Ramesses I. Thebes, Deir el-Bahri Cache (DB320)
Pharaoh Ramses I, a military powerhouse and grandfather of Ramses the Great, arrived in Niagara some decades after 1812, through a shady antiquities purchase made in Egypt.
Ramses had an illustrious military career, and claimed the throne in middle age not by blood, but through skill, and as a trusted advisor to King Horemheb. His long list of titles included: Master of Horse, Commander of the Fortress, Controller of the Nile Mouth, Charioteer of His Majesty, King’s Envoy to Every Foreign Land, Royal Scribe, Colonel, and General of the Lord of the Two Lands.
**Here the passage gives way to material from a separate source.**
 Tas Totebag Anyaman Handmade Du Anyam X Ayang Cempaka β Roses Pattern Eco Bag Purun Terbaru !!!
Ramses I was responsible for a number of important firsts: He moved the capital up north to the Delta (where he was born), establishing the great city of Pi Ramesses. He even advanced royal women’s rights, by having his wife Sitre become the first to be buried in the Valley of the Queens.
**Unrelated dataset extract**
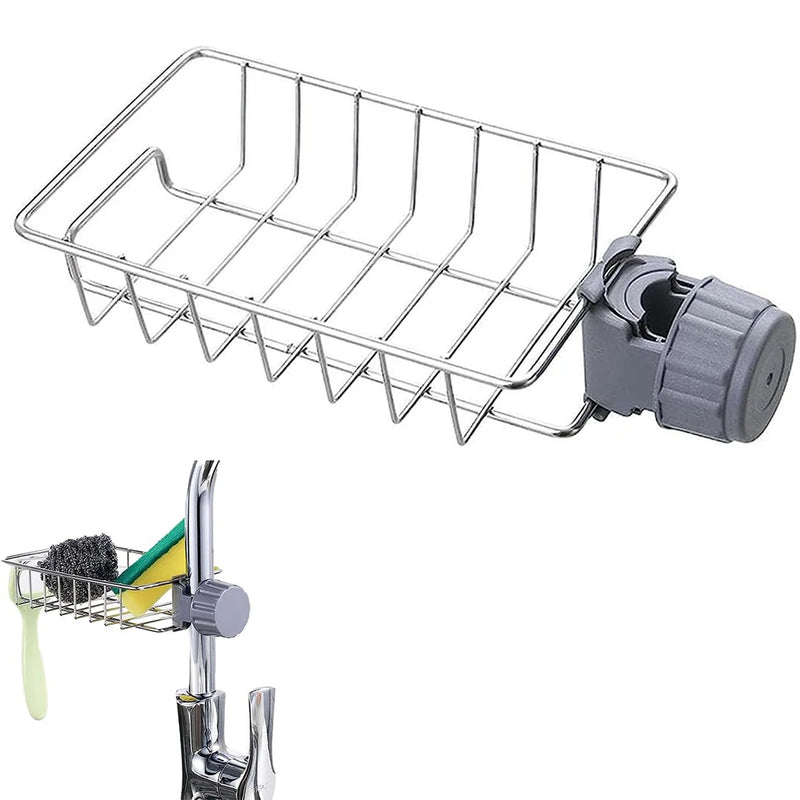 Faucet Sponge Holder for Kitchen Sink | Stainless Steel Sink Organiser Rack | No-Drill Drain Rack for Sponge, Soap & Brus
Ramses passed away in 1290 BC, he was buried in an ornate tomb in the Valley of the Kings, probably anticipating nothing more than a journey to the afterlife, hardly expecting it would take more than 3,000 years, via an overseas detour to Niagara Falls. This is where his mummy came and remained for more than a century.
The story of Ramses journey to Canada began in the 1860s with the transaction of an “excellent mummy in double cases” from an unscrupulous antiquities dealer in the Luxor back streets. James Douglas and Sidney Barnett purchased Ramses I for just seven pounds from Mustapha Aga Ayat, an associate of the notorious Abd el-Rassuls family, who had pillaged a valuable cache of royal mummies. Like most New Kingdom tombs, Ramses’ final resting place had originally been robbed in antiquity, and his mummy was long ago stripped of its jewels and moved by priests to a special hiding spot on the west bank of Luxor.
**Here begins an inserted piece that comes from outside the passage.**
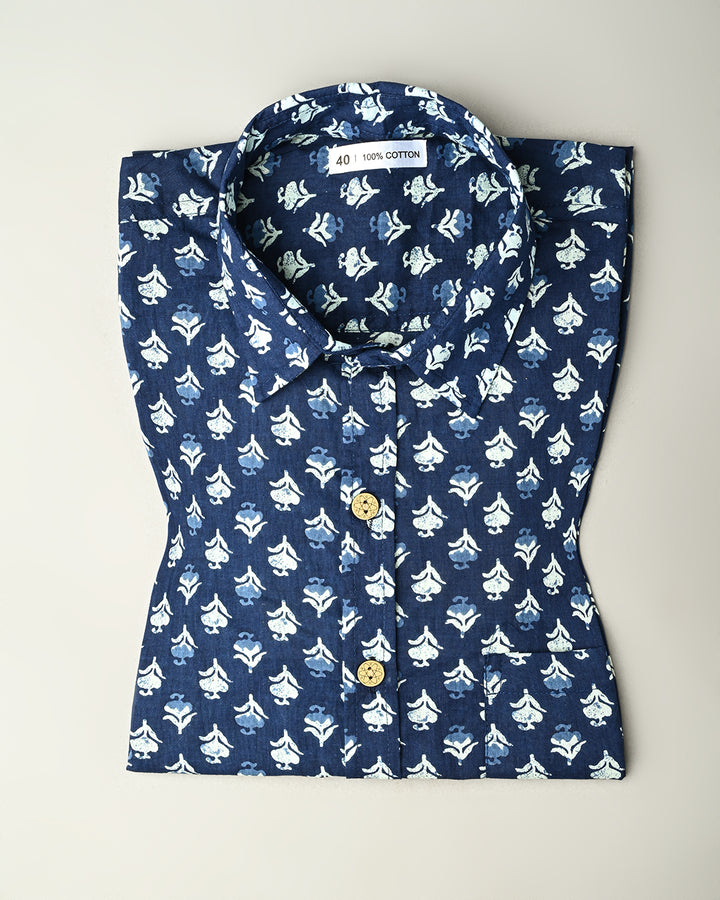 New Sanganeri premium Print full Sleeves Block Print Shirt(NDCOTFS14)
Sidney was the son of Thomas Barnett, owner of the Niagara Falls Museum and Daredevil Hall of Fame. He had sent his son overseas to pick up some exotic gimmicks to give him a competitive edge. A good Egyptian mummy more than fit the bill as ancient Egypt was a hot a topic in the 1800s. What no one realized then was that this mummy was no ordinary Egyptian curiosity.
And so Ramses crossed the ocean, and resided in the museum until the 1990s. In fact, this writer remembers seeing him there on the third floor in a modest display case with a yellowing label reading “A Royal Mummy.”